The Accelerating Therapeutics for Opportunities in Medicine (ATOM) Consortium created a series of Jupyter notebooks that walk you through the ATOM approach to Drug Discovery.

These notebooks were created to run in Google Colab, so if you run them in Google Cloud, you will need to make a few modification. First, we recommend you use a Google Managed Notebook rather than a User-Managed notebook simply because the Google Managed notebooks already have Tensorflow and other dependencies installed. Be sure to attach a GPU to your instance (T4 is fine). Also, you will need to comment out %tensorflow_version 2.x since that is a Colab-specific command. You will also need to pip install a few packages as needed. If you get errors with deepchem, try running pip install --pre deepchem[tensorflow] and/or pip install --pre deepchem[torch]. Also, some notebooks will require a Tensorflow kernel, while others require Pytorch. You may also run into a Pandas error, reach out to the ATOM GitHub developers for the best solution to this issue.

Using Google Batch

You can interact with Google Batch directly to submit commands, or more commonly you can interact with it through orchestration engines like Nextflow and Cromwell, etc. We have tutorials that utilize Google Batch using Nextflow where we run the nf-core Methylseq pipeline, as well as several from the NIGMS Sandbox including transcriptome assembly, multiomics, methylseq, and metagenomics.

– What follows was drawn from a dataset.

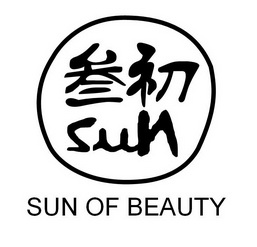 初叁- 企业商标大全 - 商标信息查询 - 爱企查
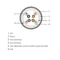 SecurityNET F/UTP Cat. 5e Cable, Outdoor, Dry PE 500m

Using the Life Sciences API (depreciated)

Life Science API is depreciated on GCP and will no longer be available by July 8, 2025 on the platform, we recommend using Google Batch instead. For now you can still interact with the Life Sciences API directly to submit commands, or more commonly you can interact with it through orchestration engines like Snakemake, as of now this workflow manager only supports Life Sciences API.

Public Data Sets

Google has a lot of public datasets available that you can use for your testing. These can be viewed here and can be accessed via BigQuery or directly from the cloud bucket. For example, to view Phase 3 1k Genomes at the command line type gsutil ls gs://genomics-public-data/1000-genomes-phase-3.